El mundo inteligible de las alianzas de ideales o de intereses compartidos da paso a un mundo ininteligible de estados de ánimo nacionales
La sensación de impotencia caracteriza el espíritu público de este 1 de agosto de 2018. El terreno de los compromisos, de las soluciones trabajadas que se abren al progreso y nutren la confianza se ha reducido drásticamente. Ya no vemos el mañana. La frontera ocupa demasiado espacio. Obstaculiza la vista en Suiza. Obstruye el entendimiento y la armonía en Europa. Saca pecho al otro lado del canal de la Mancha y en el Medio Oeste norteamericano.
Su última jugada sería la más cómica si no fuera tan deprimente. Durante mucho tiempo la frontera delimitaba, más allá del contorno de los Estados, un conjunto de valores: las democracias liberales, los países comunistas, las sociedades libres, las dictaduras, las sociedades desarrolladas, las sociedades en vías de desarrollo, etc. Definía los ejes amigos/enemigos en torno a los cuales se ordenaban los debates políticos internacionales. Los conflictos se exponían en la ONU, plataforma mundial del debate y la deliberación.

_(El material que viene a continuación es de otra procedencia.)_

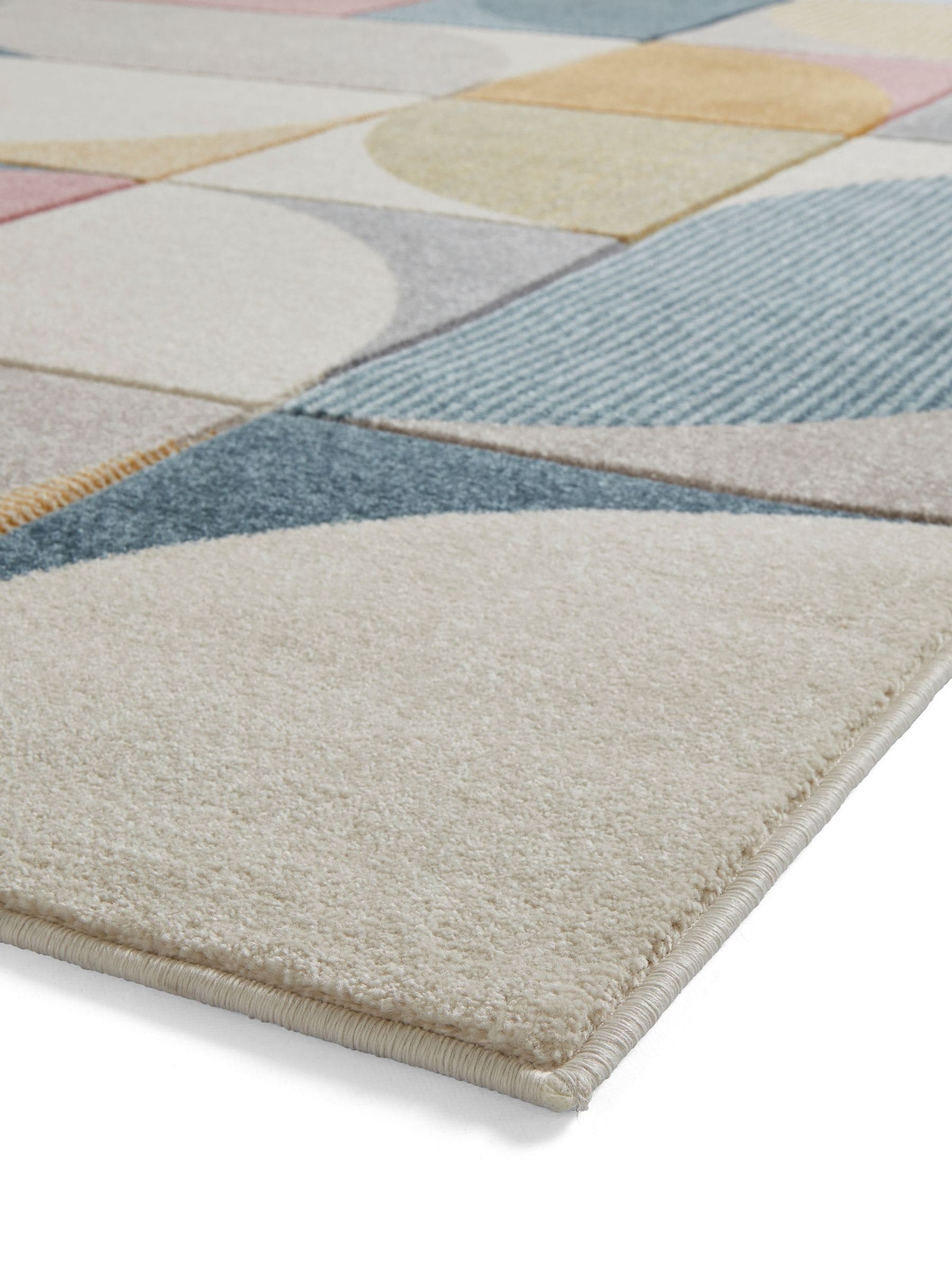 Think Rugs Matrix modern geometric rug (British brand)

En 18 meses Donald Trump no solo ha retirado a Estados Unidos de la mesa de deliberación internacional, sino que ha destruido las alianzas que le proporcionaban sus argumentos. El campeón del mundo liberal ya no diferencia una democracia de una dictadura. De un régimen autoritario a la rusa hace un amigo potencial, mientras que de una Unión Europea liberal un posible enemigo. Los antiguos límites entre amigos y enemigos desaparecen o cambian de rumbo. Los vamos a echar en falta; es el colmo. Porque el mundo inteligible de las alianzas de ideales o de intereses compartidos al que nos habíamos habituado, si no aceptado, ha dado lugar a un mundo ininteligible de estados de ánimo nacionales desfilando desvergonzadamente bajo la remendada bandera de su vanidad. El cambio es angustioso. Para Henry Kissinger (95 años), que simboliza el orden internacional de la posguerra, “Donald Trump es tal vez una de esas figuras que aparecen de vez en cuando en la historia para marcar el final de una época”. El exsecretario de Estado no dice lo que piensa personalmente de Trump, sino de la época futura, de la que afirma que será “muy, muy seria”.
Mientras no llueva en el Grütli este 1 de agosto de 2018.